Functionalization of Si baseline technology
Silicon (Si), dominating the platform for integrated circuitry (IC) technologies over the last 50 years, is running into fundamental physical limits with further miniaturization (“More Moore”) and / or functionalization (“More than Moore”). In this respect, right material candidates must be identified to enable new innovative functions without compromising the high performance of the Si chip baseline technology. One of such potential candidates is Germanium (Ge) experiencing a renaissance in modern microelectronics due to its superior optoelectronic properties with respect to Si (band gap, charge carrier mobility etc.). In consequence, Ge is a promising material for building up future photonic modules within the “More than Moore” approach [1-3]. Despite clear advantages of Ge integration in Si technology (identical diamond crystal structure with Si, CMOS compatibility due to no contamination risks etc), it faces also some true challenges limiting the optoelectronic performance.
The major “stumble block” is given by a large lattice mismatch of 4.2 % between Ge and Si, resulting in too high defect densities  as well as complex, strain driven SiGe interdiffusion phenomenon . The Ge thin film quality in terms of defect density (scattering and recombination centres) and purity (SiGe alloys adopt Si optoelectronic properties at rather small Si interdiffusion concentration) is of utmost importance. In this respect, Si CMOS compatible Ge heteroepitaxy approaches for high quality Ge micro- and nanostructure growth with reasonable thermal budget must be developed. Such techniques like direct deposition with cyclic annealing , SiGe  and oxide buffers , selective growth in mesa windows  or aspect ratio trapping  were investigated in the past to realize high quality Ge on Si substrates but limits in terms of defects and purity still exist.

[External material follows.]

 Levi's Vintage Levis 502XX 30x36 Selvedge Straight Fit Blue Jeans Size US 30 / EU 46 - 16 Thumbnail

In the present project, alternative advanced Si CMOS compatible Ge heteroepitaxy approaches are investigated to push the quality of Ge micro- and nanostructures on Si(001) beyond the state-of-the-art.
Nanoheteroepitaxy for fully relaxed Ge
A very promising method to reduce the density of threading dislocations is to grow Ge selectively in a limited area. The compliant behavior of Ge/Si nanostructures offers a promising vision: In contrast to the classical Ge deposition on bulk Si substrates, the strain energy accumulated in the Ge epilayer is partially transferred to the free-standing Si nanostructure. This strain partitioning phenomenon is at the very heart of the compliant substrate effect and, if strain energy levels are correctly balanced, offers the vision to grow defect-free nanostructures of lattice mismatched semiconductors on Si .
Fig. 1 Scanning and transmission electron microscope images
of Ge nanoclusters on free-standing Si(001) nanopillars.
Thus, the Ge nanoheteroepitaxy at IHP aims on the experimental verification of the vision to realize Ge/Si nanostructures of high structural quality for future photonic applications within this innovative growth approach. Certainly, the successful establishment of such a complex growth scenario will also be of high importance for the integration of other lattice mismatched semiconductors (e.g. GaAs) on the Si technology platform.